Before the conflict started in December, Lugale was a businessman, running a popular store in Juba’s Tomping neighborhood. When violence erupted on Dec. 15, things got so bad that Lugale practically lost the roof over his head.

“Because our home was near the home of the president – these people come and they ruin all the things in the store," he said.

"And I have some solar (panels) on the top. They removed the solars and even they took my car. Soldiers. Tiger soldiers,” he said.

Tiger soldiers

By "tiger soldiers" Lugale meant members of President Salva Kiir’s presidential guard, also called the Tiger Division. Lugale said the same soldiers man some of the checkpoints that are dotted around Juba.
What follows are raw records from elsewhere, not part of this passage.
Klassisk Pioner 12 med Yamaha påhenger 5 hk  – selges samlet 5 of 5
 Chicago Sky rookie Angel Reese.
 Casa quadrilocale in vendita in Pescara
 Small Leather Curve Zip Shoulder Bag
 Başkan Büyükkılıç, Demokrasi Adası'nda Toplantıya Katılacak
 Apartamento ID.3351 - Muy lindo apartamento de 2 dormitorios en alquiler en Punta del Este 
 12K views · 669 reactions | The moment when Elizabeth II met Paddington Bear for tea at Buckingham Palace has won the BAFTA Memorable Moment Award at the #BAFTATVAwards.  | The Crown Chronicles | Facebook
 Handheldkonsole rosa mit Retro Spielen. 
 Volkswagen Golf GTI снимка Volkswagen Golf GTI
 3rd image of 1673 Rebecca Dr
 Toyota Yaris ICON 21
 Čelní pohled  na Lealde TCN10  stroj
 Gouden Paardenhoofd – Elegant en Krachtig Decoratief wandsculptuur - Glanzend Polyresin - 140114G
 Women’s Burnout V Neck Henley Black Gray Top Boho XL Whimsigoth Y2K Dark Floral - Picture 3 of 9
They used to stop him several times a day, asking him each time to get out of his car and often confiscating his belongings or demanding money, he said.

South Sudan Information Minister Michael Makuei said checkpoints are normal in times of trouble, and speculated that Lugale had resisted security officials who were merely doing their job.

"Anybody who decides to be intransigent, anybody who wants to go against the law, anybody who wants to take the law into his own hands, these are the people who must be handled. And if he happened to be one of those intransigent ones, then, definitely, he could have an encounter with the checkpoint," Makuei said.

Ethnic differences

Lugale insisted he was doing nothing wrong. He said the soldiers at the checkpoints harass people like him – because he is not from the same ethnic group as they are.

One time, he says, when he was on his way to pick up some items on a list for his shop, he was stopped at a checkpoint.

“'Where are you going to?'" he recalled the soldiers asking him.

"I say, 'I’m going to Torit.' 'Where are you from?' I say, 'I’m from town.' 'So which tribe are you?' I say,'I’m Baria.' 'So why are you going to Torit if you’re Baria?'"

Then, Lugale said the soldiers told him they were going to arrest him. When he asked them why, he said they told him it was because of his shopping list, which they said was a list of people's names. They also said they were taking his iPhone, which had pictures on it of the January 2011 referendum, in which South Sudanese voted overwhelmingly for independence from Sudan.

Makuei expressed surprise when he was told the story of the referendum pictures, but said Lugale probably had something else on his phone.

“How can you be prevented from carrying pictures of people who are celebrating the referendum?" he asked.

"This cannot be accepted by a sober mind. He must have been carrying other pictures which he knows. Otherwise, nobody will ever stop me from carrying pictures of my celebration," the minister said.

Tired of being harassed

Lugale insisted that his version of the story was true. He said he eventually fled Juba because he got tired of being stopped, harassed, and having to pay kickbacks or hand over his belongings to soldiers at checkpoints.

“Ah – you cannot be free, because there are so many checkpoints in the town. There are soldiers there -- operations soldiers. They are there, they are checking the cars," he said.